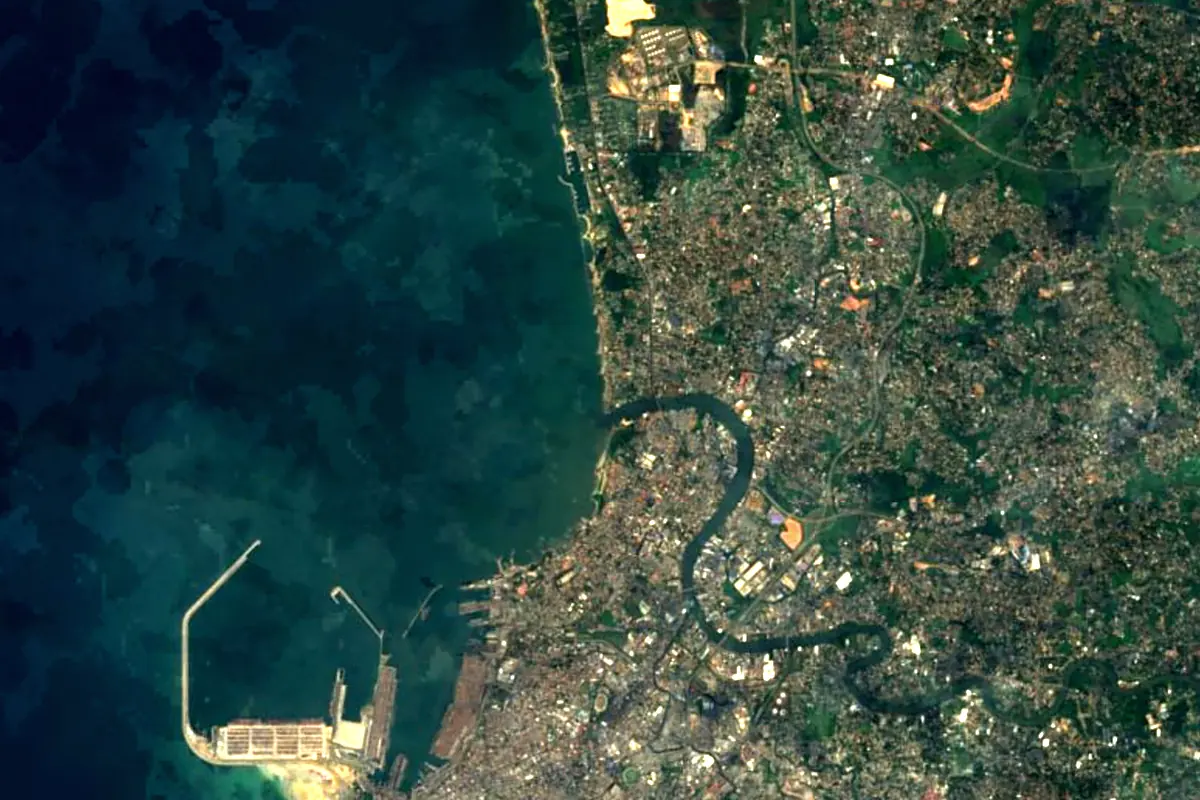 Kelani River: satellite view of the mouth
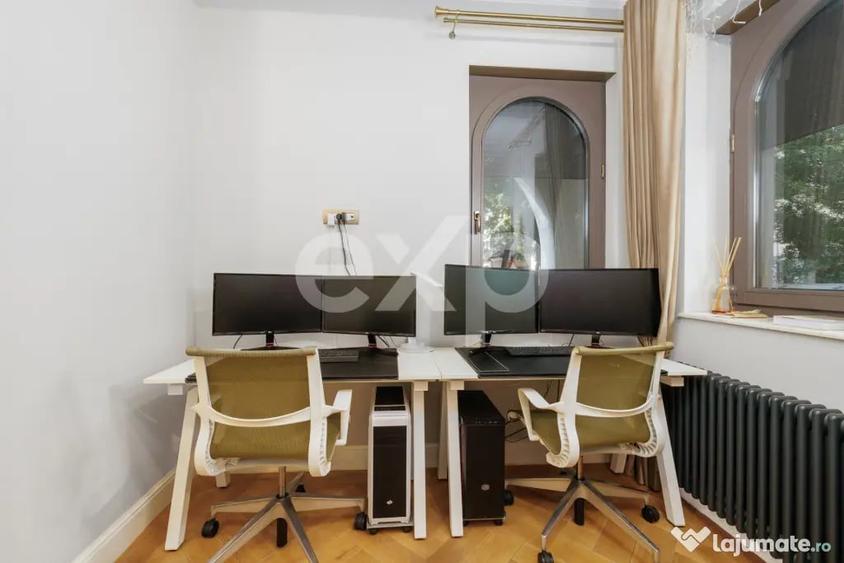 Apartament cu 3 camere decomandat în Capitale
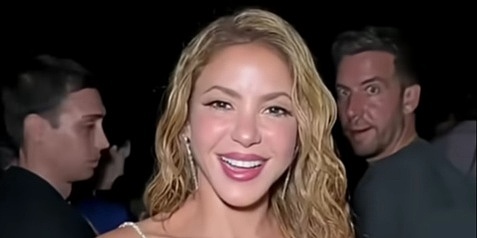 Shakira privukla pažnju u kreaciji brenda Tom Ford na Sedmici mode u Parizu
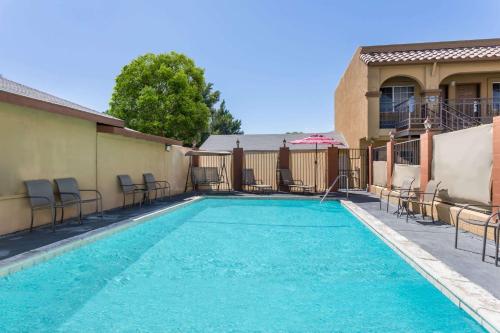 Sadržaji, Days Inn by Wyndham Bishop in Bishop (CA) Sadržaji, Days Inn by Wyndham Bishop in Bishop (CA)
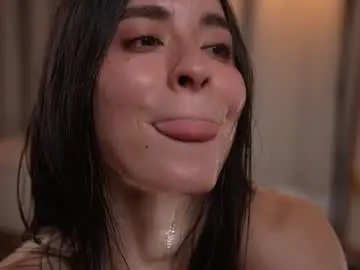 Chaturbate Live Porn of emyii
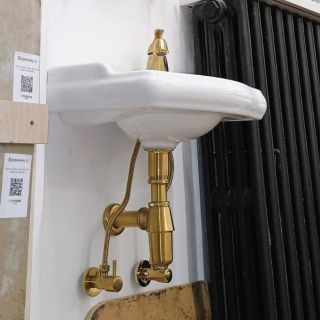 Retro kouzlo, které ožívá v srdci Prahy 💛 Naše nová vzorkovna v Kobylisích spojuje keramická umyvadla, mosazné baterie a...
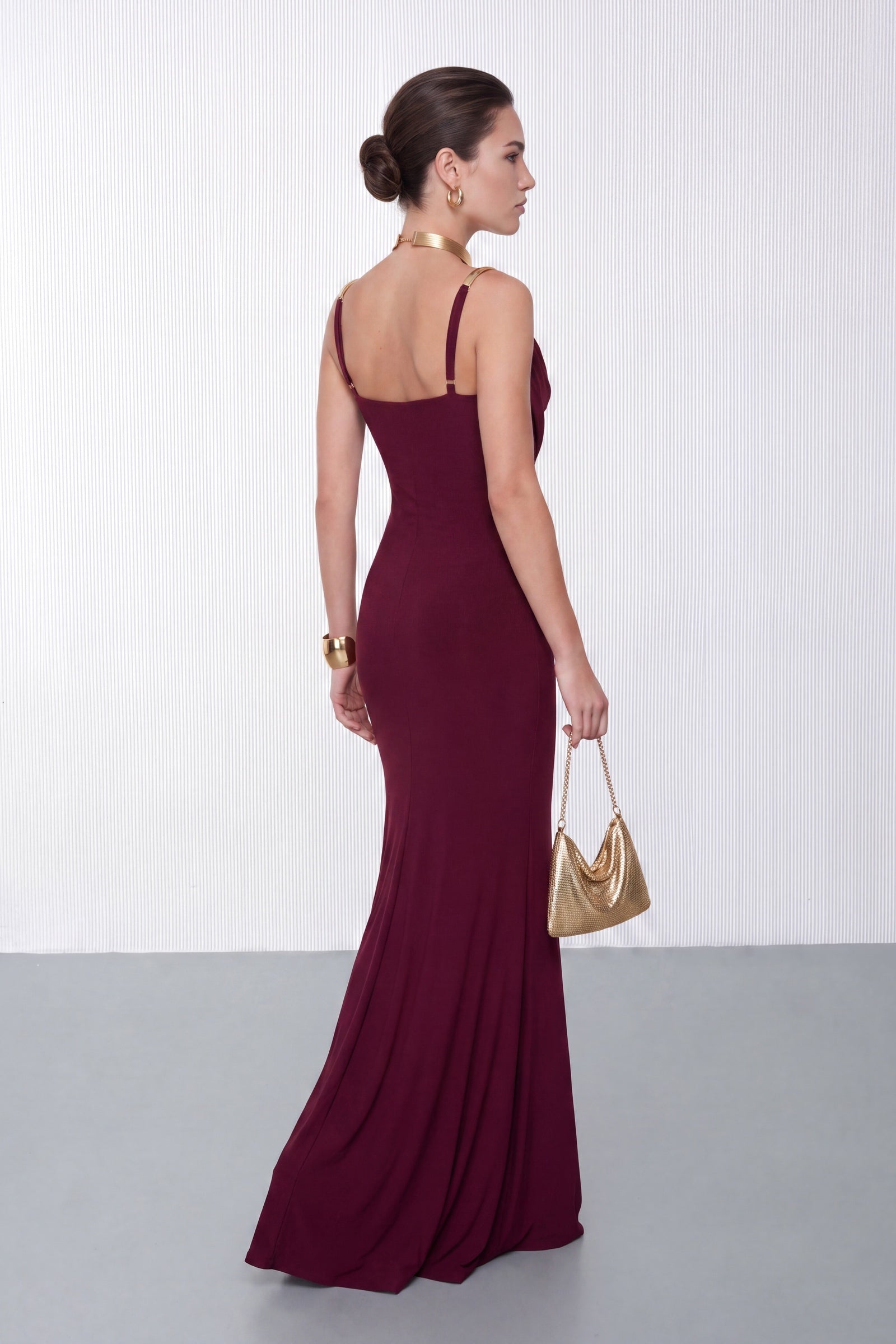 Kadın Bordo Askılı Drape Yaka Detaylı Uzun Davet Elbisesi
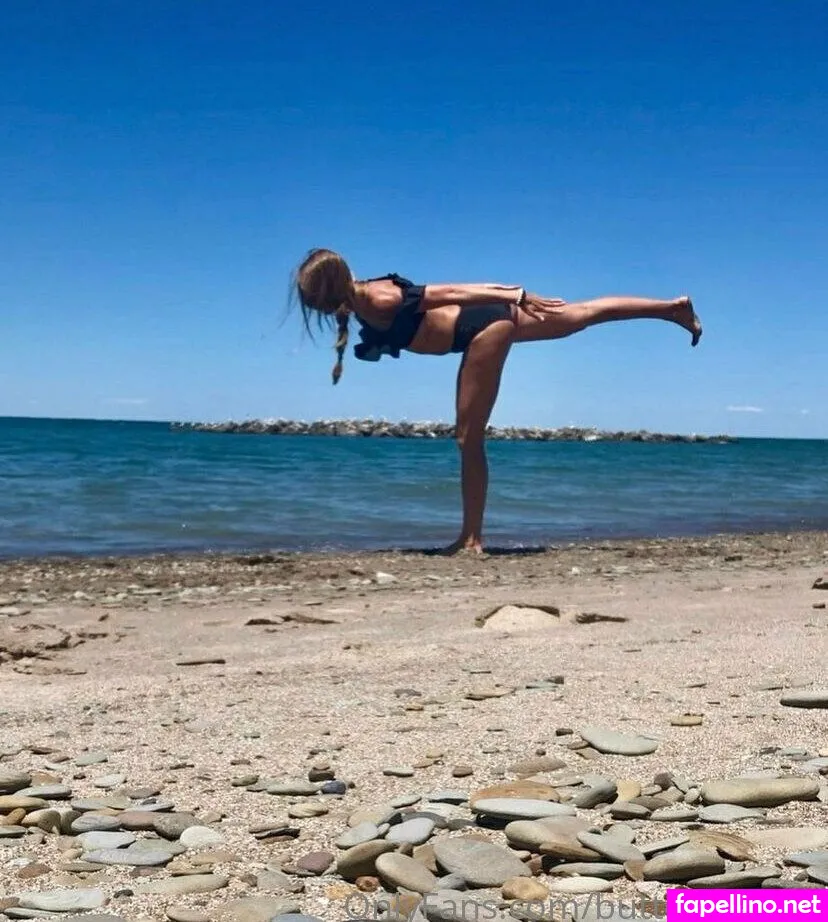 butterfly.yoga, butterflyyoga Nude Leaked OnlyFans Photo #6IZ2VbCdam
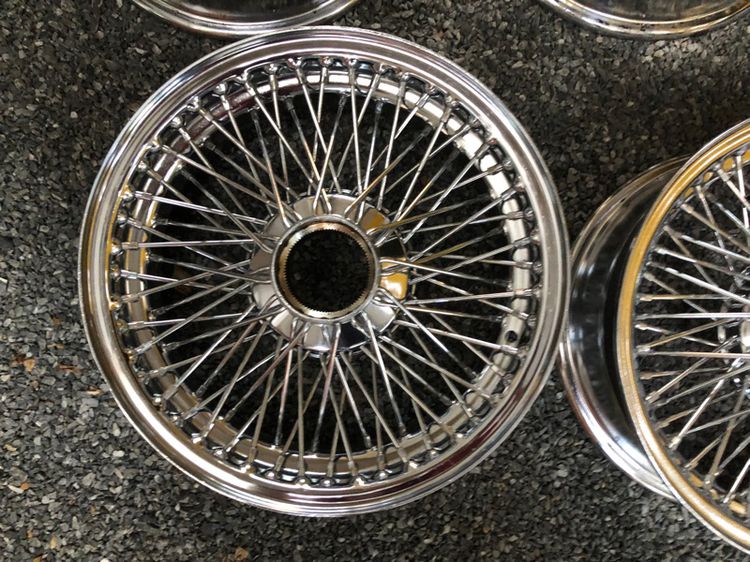 ล้อซี่ลวด Jaguar XK E-Type 🇬🇧 15นิ้ว หน้ากว้าง6 นิ้ว ล้อ Classic Chrome Tubeless Wire ของแท้ มือสอง รูปที่ 8
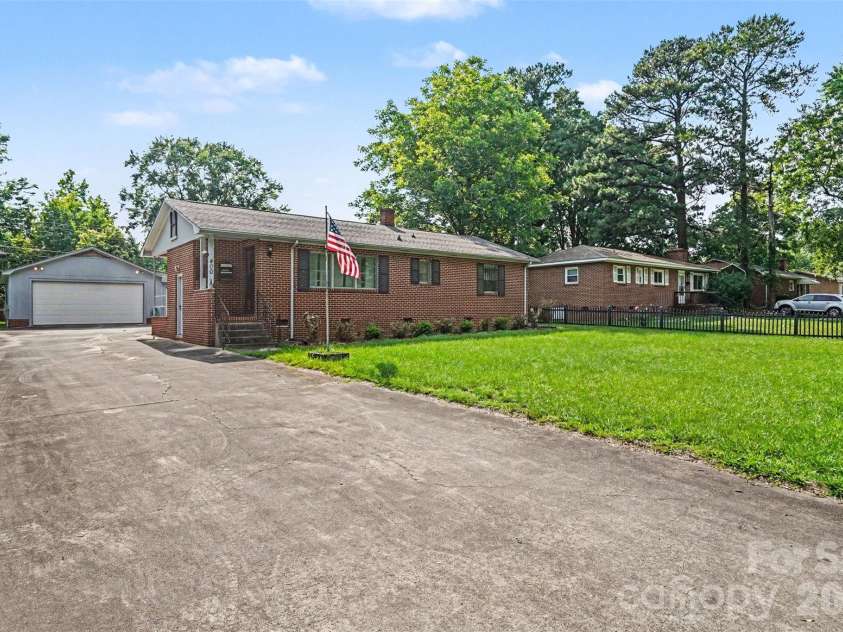 400 Briarwood Drive, Charlotte, NC 28215.  MLS# CAR4386677, YatesRealty ID 26703. 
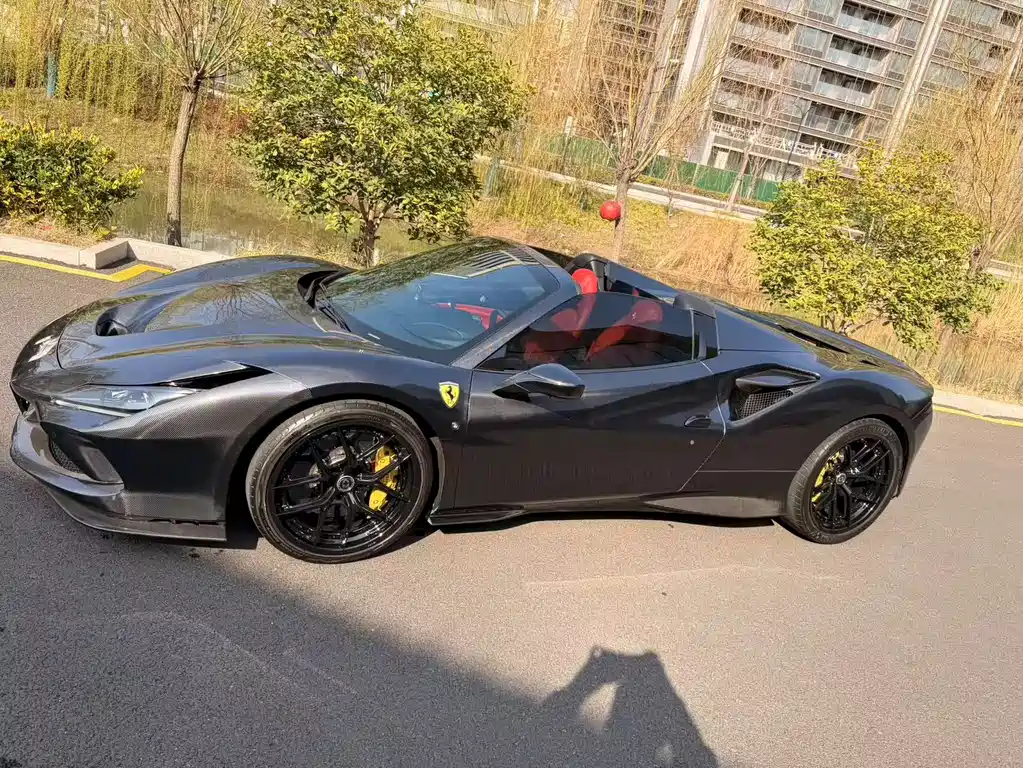Ferrari F8 2022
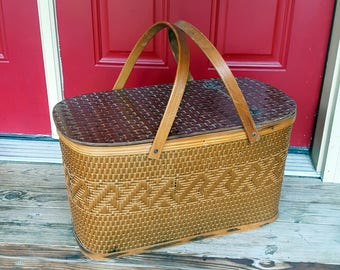 Vintage Picnic Basket Hawkeye Country Farmhouse Decor Cottage Picnic Hamper w Shelf Storage Basket Prop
========
Work to be completed - Pictures stay out; everything else in the listing above gets repeated exactly.

Your solution -
 Kelani River: satellite view of the mouth
 Apartament cu 3 camere decomandat în Capitale
 Shakira privukla pažnju u kreaciji brenda Tom Ford na Sedmici mode u Parizu
 Sadržaji, Days Inn by Wyndham Bishop in Bishop (CA) Sadržaji, Days Inn by Wyndham Bishop in Bishop (CA)
 Chaturbate Live Porn of emyii
 Retro kouzlo, které ožívá v srdci Prahy 💛 Naše nová vzorkovna v Kobylisích spojuje keramická umyvadla, mosazné baterie a...
 Kadın Bordo Askılı Drape Yaka Detaylı Uzun Davet Elbisesi
 butterfly.yoga, butterflyyoga Nude Leaked OnlyFans Photo #6IZ2VbCdam
 ล้อซี่ลวด Jaguar XK E-Type 🇬🇧 15นิ้ว หน้ากว้าง6 นิ้ว ล้อ Classic Chrome Tubeless Wire ของแท้ มือสอง รูปที่ 8
 400 Briarwood Drive, Charlotte, NC 28215.  MLS# CAR4386677, YatesRealty ID 26703. 
Ferrari F8 2022
 Vintage Picnic Basket Hawkeye Country Farmhouse Decor Cottage Picnic Hamper w Shelf Storage Basket Prop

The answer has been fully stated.